> **Work to be completed**
Restate word for word the lines of the data below, from the first through the one that has "Personalized Jewellery Box".

> **Listed records**

·····

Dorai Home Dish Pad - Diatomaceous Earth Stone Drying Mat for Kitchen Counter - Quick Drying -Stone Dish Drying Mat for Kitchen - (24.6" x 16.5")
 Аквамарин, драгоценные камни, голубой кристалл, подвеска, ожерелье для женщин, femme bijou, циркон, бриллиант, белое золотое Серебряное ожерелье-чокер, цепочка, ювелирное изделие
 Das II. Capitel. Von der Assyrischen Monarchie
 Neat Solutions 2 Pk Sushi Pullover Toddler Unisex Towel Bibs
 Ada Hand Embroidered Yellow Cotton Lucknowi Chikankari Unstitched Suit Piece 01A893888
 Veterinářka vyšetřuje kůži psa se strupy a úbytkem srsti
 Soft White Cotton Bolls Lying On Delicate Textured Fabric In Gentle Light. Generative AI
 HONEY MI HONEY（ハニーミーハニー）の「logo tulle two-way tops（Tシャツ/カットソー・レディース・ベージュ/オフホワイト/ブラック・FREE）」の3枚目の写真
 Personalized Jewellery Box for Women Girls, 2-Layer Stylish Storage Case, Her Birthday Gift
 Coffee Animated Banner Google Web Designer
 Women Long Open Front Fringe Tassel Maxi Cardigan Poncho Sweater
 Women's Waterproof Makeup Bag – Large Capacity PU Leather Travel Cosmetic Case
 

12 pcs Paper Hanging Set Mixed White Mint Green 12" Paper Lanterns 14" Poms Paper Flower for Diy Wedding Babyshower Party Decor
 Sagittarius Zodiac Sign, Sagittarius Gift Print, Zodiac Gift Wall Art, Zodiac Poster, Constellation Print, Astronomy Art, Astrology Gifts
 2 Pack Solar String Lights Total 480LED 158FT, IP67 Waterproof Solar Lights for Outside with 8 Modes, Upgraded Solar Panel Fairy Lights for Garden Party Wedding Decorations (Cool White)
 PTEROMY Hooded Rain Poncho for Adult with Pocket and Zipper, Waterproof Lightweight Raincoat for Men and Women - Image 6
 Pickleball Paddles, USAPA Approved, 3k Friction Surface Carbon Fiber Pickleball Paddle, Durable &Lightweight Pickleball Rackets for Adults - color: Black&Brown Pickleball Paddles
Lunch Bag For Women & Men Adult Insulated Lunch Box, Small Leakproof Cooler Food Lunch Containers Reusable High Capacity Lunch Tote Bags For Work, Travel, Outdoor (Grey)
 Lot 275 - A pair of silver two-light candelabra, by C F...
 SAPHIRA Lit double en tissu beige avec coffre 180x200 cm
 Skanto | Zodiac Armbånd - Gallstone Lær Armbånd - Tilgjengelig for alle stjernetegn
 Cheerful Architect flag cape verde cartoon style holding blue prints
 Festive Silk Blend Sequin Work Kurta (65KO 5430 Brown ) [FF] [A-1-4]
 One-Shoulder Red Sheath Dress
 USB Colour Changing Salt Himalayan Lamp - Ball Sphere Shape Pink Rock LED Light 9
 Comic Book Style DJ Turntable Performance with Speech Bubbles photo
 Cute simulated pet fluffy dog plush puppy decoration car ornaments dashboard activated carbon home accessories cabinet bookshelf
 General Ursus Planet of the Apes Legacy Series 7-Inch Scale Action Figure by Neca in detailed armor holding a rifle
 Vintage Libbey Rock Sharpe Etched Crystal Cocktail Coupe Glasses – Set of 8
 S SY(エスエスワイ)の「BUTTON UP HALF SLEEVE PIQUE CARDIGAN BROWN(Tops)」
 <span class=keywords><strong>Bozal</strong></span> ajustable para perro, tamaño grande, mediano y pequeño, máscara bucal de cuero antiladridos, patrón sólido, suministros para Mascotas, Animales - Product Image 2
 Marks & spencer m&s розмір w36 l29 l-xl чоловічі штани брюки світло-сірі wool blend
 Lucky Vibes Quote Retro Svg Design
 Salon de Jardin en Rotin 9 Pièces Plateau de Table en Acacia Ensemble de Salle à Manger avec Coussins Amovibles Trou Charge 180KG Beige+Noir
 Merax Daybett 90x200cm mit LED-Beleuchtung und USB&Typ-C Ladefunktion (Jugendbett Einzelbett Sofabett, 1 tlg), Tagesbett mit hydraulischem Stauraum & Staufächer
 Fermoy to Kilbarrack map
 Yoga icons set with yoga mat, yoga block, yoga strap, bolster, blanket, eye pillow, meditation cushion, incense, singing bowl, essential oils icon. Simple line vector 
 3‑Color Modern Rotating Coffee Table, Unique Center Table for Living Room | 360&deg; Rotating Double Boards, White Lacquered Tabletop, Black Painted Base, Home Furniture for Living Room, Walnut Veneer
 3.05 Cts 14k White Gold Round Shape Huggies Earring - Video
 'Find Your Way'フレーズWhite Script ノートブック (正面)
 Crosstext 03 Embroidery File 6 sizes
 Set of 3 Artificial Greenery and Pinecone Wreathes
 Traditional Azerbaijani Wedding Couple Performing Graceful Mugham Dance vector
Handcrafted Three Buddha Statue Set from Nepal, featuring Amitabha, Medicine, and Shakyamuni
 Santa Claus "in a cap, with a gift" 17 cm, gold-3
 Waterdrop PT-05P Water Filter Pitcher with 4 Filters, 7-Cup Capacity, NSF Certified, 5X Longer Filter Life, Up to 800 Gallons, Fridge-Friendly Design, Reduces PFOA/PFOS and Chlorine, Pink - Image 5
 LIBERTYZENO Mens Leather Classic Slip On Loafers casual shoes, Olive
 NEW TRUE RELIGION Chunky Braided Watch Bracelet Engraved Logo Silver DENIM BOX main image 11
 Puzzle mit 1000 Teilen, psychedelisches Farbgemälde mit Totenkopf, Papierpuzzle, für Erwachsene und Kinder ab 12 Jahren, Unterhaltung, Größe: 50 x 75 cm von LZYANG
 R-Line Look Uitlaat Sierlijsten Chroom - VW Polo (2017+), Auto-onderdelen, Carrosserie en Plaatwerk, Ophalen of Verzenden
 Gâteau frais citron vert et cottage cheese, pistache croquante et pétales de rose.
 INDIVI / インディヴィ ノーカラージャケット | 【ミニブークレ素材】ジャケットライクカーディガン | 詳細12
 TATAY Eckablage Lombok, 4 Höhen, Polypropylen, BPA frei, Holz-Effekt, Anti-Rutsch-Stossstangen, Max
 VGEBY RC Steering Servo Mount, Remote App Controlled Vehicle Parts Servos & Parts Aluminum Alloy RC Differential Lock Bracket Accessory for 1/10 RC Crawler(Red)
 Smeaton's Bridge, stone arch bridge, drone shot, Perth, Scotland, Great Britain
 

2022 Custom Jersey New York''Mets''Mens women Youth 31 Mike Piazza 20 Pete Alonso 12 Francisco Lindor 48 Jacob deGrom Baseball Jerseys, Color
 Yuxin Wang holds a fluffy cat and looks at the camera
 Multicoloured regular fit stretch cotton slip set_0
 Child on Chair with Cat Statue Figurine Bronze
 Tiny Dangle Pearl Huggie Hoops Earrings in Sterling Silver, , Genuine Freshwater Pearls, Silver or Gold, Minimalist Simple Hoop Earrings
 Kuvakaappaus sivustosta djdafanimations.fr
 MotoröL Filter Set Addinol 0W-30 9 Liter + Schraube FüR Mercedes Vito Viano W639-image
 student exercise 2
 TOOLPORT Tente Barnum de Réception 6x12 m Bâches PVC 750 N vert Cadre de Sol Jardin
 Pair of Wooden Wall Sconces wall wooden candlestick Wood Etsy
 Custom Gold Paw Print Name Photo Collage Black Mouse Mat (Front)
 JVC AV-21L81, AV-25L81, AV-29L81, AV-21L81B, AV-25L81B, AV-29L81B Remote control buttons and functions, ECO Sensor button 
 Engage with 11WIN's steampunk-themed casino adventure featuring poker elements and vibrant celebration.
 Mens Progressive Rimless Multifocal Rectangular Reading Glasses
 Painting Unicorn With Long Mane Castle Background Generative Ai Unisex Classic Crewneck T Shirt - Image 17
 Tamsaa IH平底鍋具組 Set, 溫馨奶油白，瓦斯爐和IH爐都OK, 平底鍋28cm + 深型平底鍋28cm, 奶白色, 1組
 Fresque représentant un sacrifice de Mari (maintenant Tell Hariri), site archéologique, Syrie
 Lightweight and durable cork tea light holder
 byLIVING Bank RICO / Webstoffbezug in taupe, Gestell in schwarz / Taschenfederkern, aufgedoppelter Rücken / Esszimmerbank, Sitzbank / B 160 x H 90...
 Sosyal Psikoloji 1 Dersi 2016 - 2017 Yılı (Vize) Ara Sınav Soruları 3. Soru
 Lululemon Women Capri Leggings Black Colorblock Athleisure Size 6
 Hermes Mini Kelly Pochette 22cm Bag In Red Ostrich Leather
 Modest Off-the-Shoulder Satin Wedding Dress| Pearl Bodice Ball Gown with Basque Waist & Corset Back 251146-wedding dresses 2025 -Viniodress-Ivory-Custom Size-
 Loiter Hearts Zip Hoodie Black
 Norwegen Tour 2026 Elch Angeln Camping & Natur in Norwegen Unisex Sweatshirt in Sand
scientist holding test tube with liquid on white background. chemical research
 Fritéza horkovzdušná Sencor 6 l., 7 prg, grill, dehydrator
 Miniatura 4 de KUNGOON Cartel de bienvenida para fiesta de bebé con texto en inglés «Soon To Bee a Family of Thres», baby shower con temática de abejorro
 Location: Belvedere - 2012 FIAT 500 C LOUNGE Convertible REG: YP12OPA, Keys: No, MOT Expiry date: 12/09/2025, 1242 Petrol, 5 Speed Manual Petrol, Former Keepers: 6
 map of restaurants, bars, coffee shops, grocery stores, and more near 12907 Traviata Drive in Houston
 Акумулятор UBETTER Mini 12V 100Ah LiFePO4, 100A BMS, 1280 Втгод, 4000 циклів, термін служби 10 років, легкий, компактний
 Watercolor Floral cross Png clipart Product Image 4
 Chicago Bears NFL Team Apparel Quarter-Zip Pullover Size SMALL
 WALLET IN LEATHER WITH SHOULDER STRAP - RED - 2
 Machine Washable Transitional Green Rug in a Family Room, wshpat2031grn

·····

> **Expected answer**
Dorai Home Dish Pad - Diatomaceous Earth Stone Drying Mat for Kitchen Counter - Quick Drying -Stone Dish Drying Mat for Kitchen - (24.6" x 16.5")
 Аквамарин, драгоценные камни, голубой кристалл, подвеска, ожерелье для женщин, femme bijou, циркон, бриллиант, белое золотое Серебряное ожерелье-чокер, цепочка, ювелирное изделие
 Das II. Capitel. Von der Assyrischen Monarchie
 Neat Solutions 2 Pk Sushi Pullover Toddler Unisex Towel Bibs
 Ada Hand Embroidered Yellow Cotton Lucknowi Chikankari Unstitched Suit Piece 01A893888
 Veterinářka vyšetřuje kůži psa se strupy a úbytkem srsti
 Soft White Cotton Bolls Lying On Delicate Textured Fabric In Gentle Light. Generative AI
 HONEY MI HONEY（ハニーミーハニー）の「logo tulle two-way tops（Tシャツ/カットソー・レディース・ベージュ/オフホワイト/ブラック・FREE）」の3枚目の写真
 Personalized Jewellery Box for Women Girls, 2-Layer Stylish Storage Case, Her Birthday Gift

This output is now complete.